Keywords: mixed-integer programming, – robust regression – feature selection – functional data analysis

Abstract

Contemporary sciences are increasingly complex, but data rich. Obtaining knowledge and insights requires appropriate tools that focus on critical methodological goals e.g., predictive performance, scalability of computation, reproducibility/stability and, importantly, interpretability and practical relevance. Redundant features in a model directly harm those goals - producing unstable estimates and overfit predictions, and hindering interpretation. Feature selection methods prevent this by favoring sparse, interpretable models – but tend to rely on simplifying assumptions often violated in practice. For instance, while large, publicly available databases provide unprecedented research opportunities, they have a high likelihood of containing noisy features, data contamination forming outliers (i.e., data entry errors or subsets with distributions shifts), and complex structured responses/features (e.g., longitudinal measurements).

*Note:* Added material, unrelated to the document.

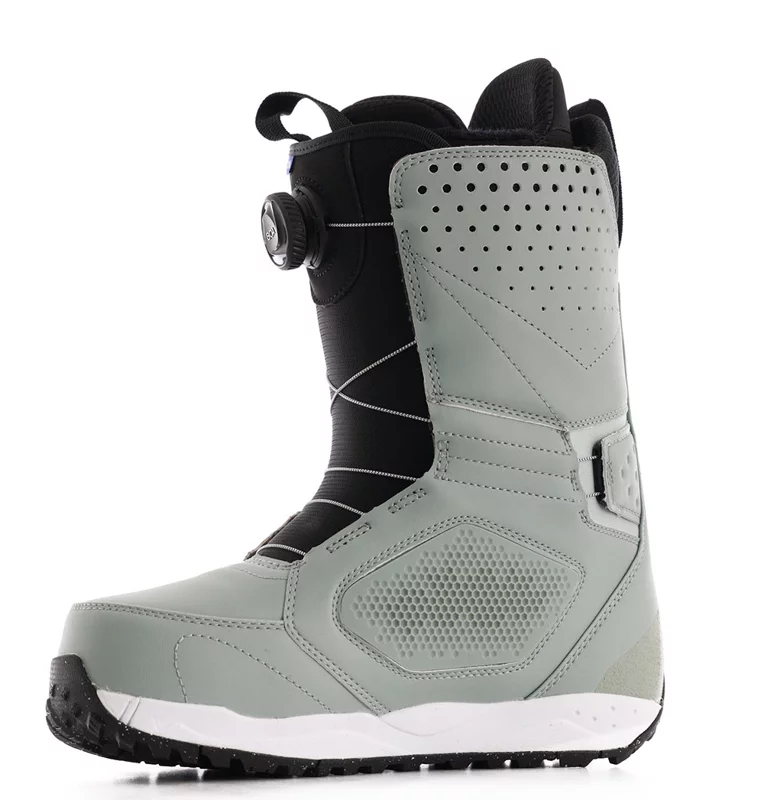 Burton Photon Boa Snowboard Boots 2025 - petrol green | Tactics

Mixed Integer Programming (MIP)-based approaches have been established as a competitive alternative to popular methods for exact best subset selection. The MIP framework for best subset selection allows direct control of the L0 norm of coefficient estimates vector (i.e., the size of the active set of features). We demonstrate this flexible framework is similarly effective for outlier detection and allows this to operate simultaneously with feature selection. As a result, we can produce more interpretable solutions, and stronger theoretical guarantees under weaker/fewer assumptions. Furthermore, we present multiple extensions to allow for various data structures. For instance, a careful reformulation as a mixed-integer conic program allows for categorical responses. Moreover, in scenarios with features or responses with dependent structures (e.g., longitudinal measurements), we utilize a novel combination of tools from Functional Data Analysis (FDA) as well as the unique integer constraints to account for these dependencies and enforce key group structures in selection. Overall, our proposed framework can be tailored toward problem settings allowing practitioners to control, possibly simultaneously, the feature sparsity level, outlier treatment, and level of smoothness used in their analysis.